A Quick Intro to My Ineffective Parents Substack
I hope this isn't confusing...
I get confused easily, and I’m making the assumption that maybe 50% of you do too - that’s a fair split, right?
So I have a page over on Facebook for talk about ADHD, ASD, and PDA. There are a few comics, because as most of you know, illustration is my outlet as well as my job, and there are a few posts in general about those conditions.
I have a background in education as well as experience of working with children to get their emotions/thoughts/general silliness down on paper. That combined with lived experience of ADHD, and a teenage son with ASD and PDA, means that I spend a lot of time thinking up and reflecting on organisation and education strategies that can be successful for anyone grappling with general demand avoidance right through to PDA. It’s not easy.
One of the hardest things to navigate with PDA is traditional education. Unfortunately, it's difficult to find alternatives that will allow the same outcomes (such as GCSEs).
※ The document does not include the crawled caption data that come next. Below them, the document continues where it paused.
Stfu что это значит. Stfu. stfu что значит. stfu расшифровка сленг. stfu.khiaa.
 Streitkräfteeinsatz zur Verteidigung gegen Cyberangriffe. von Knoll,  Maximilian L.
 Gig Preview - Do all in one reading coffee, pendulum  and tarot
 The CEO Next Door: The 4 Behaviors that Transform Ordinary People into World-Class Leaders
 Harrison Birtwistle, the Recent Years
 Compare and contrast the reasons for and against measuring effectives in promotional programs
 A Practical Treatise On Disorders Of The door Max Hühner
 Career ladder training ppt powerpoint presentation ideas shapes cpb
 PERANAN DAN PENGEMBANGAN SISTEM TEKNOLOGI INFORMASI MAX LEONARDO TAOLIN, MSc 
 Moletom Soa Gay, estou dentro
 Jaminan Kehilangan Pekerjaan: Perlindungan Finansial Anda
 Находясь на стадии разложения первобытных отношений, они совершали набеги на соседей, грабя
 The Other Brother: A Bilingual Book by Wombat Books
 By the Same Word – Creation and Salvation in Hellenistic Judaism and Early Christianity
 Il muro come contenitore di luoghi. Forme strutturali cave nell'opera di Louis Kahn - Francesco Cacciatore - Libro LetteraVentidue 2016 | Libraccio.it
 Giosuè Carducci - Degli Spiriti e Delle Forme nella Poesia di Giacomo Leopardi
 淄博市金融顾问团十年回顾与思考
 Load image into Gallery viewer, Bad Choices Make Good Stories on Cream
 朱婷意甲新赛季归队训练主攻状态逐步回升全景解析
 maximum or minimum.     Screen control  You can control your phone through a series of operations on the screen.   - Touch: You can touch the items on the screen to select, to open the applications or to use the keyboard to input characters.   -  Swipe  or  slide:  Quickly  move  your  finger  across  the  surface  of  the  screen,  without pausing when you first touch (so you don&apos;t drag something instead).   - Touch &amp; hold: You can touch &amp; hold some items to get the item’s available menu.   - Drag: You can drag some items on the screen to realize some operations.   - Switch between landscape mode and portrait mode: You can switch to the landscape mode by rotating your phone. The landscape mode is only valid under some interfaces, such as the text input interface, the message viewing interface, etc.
We have some methods that seem to work, one of which is to provide a choice of tasks/multi-tasks that can be picked up and put down in a non-linear way until a task is complete. This happens over weeks, not hours.
I tried this because this method works for me (ADHD) and supports the boredom factor. I've never naturally worked in a linear way. A page order or list doesn't translate to a working order in my head.
The place where you run into problems is when you have to build on knowledge. Maths is the obvious example - you can't do long division without first having an understanding of what division is.
That's why creative subjects tend to be a good place for non-linear learners. Experimentation yields results. Having a wide range of thought processes and alternate approaches is what makes you stand out. However, you still have to annotate, document, and repeat to refine your work in preparation for final pieces. That's the hard part. Repetition.
If you don't understand why this would be difficult for a demand avoidant person, the only analogy I can make is that of writing the same word over and over again. Eventually you get bored. For me, that is accompanied with a grinding feeling in my stomach and the urge to move away from the task after about 10 iterations. For a PDAer, they most likely wouldn't be able to even start.
So what does that mean for teaching and learning with a PDA student?
It means you need to forget everything you think you know about how learning works. If you're neurotypical, you might find this really difficult to understand (in the same way neurodivergent people find traditional teaching methods nonsensical).